TASK DIRECTIONS
Where a line of the material includes the string "Dress", copy that line.
[Start of section]
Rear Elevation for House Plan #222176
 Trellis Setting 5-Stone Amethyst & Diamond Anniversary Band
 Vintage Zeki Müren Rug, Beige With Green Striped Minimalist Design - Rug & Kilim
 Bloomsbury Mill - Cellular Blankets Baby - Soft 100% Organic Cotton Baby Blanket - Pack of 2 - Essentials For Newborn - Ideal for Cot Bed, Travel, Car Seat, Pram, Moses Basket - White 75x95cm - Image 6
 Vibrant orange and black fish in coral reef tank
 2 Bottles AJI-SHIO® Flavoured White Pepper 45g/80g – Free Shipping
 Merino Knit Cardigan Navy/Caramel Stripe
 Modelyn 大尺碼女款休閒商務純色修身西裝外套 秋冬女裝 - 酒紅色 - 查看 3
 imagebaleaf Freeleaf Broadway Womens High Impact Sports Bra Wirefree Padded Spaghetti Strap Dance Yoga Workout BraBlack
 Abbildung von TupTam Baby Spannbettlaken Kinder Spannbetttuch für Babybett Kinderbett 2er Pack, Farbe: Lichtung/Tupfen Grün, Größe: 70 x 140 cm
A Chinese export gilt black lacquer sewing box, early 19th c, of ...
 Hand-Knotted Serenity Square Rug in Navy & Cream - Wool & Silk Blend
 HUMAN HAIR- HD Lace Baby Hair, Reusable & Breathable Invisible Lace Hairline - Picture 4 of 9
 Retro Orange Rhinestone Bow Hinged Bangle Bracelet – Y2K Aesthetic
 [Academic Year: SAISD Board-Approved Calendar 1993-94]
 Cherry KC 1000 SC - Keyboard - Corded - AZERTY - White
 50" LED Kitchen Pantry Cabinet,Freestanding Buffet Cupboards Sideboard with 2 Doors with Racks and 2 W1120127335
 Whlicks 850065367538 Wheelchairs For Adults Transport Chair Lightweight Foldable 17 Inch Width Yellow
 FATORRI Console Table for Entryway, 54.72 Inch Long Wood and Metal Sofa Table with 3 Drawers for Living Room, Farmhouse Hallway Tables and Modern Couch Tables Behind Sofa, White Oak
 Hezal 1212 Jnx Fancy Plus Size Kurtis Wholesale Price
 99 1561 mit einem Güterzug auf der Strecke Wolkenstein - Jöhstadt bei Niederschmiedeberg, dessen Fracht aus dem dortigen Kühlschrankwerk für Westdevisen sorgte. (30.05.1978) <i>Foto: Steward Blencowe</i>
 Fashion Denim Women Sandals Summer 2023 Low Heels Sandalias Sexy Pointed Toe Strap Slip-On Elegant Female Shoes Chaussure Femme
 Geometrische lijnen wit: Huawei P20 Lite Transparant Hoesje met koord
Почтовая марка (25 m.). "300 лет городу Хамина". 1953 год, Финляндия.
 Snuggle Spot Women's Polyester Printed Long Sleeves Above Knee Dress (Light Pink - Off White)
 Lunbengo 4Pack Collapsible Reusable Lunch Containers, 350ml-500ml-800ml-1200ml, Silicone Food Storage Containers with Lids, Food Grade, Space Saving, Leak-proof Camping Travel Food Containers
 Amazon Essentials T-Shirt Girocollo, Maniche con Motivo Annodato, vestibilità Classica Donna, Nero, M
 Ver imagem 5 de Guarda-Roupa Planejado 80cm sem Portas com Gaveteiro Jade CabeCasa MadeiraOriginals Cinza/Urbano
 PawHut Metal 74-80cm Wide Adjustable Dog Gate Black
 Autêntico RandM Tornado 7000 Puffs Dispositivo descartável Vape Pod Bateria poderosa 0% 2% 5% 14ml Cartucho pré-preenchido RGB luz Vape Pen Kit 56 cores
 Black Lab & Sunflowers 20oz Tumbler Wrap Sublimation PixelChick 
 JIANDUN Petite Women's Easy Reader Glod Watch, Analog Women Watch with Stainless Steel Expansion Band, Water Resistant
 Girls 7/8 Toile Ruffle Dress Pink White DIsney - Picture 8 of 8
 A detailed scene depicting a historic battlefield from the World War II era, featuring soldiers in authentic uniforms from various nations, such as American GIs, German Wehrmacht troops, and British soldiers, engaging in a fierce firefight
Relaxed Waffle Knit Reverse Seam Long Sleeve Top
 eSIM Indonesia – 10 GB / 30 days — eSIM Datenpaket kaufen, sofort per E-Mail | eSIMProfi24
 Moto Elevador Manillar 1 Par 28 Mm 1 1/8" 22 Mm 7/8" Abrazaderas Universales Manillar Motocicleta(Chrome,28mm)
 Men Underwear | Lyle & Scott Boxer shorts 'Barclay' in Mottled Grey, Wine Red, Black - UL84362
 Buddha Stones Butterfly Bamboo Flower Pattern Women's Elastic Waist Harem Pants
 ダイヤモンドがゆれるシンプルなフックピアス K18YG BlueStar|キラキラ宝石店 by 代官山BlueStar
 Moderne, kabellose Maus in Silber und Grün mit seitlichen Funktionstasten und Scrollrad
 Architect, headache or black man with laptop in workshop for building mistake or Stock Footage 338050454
[End of section]
RESULT FOR THIS EXERCISE
 Snuggle Spot Women's Polyester Printed Long Sleeves Above Knee Dress (Light Pink - Off White)
 Girls 7/8 Toile Ruffle Dress Pink White DIsney - Picture 8 of 8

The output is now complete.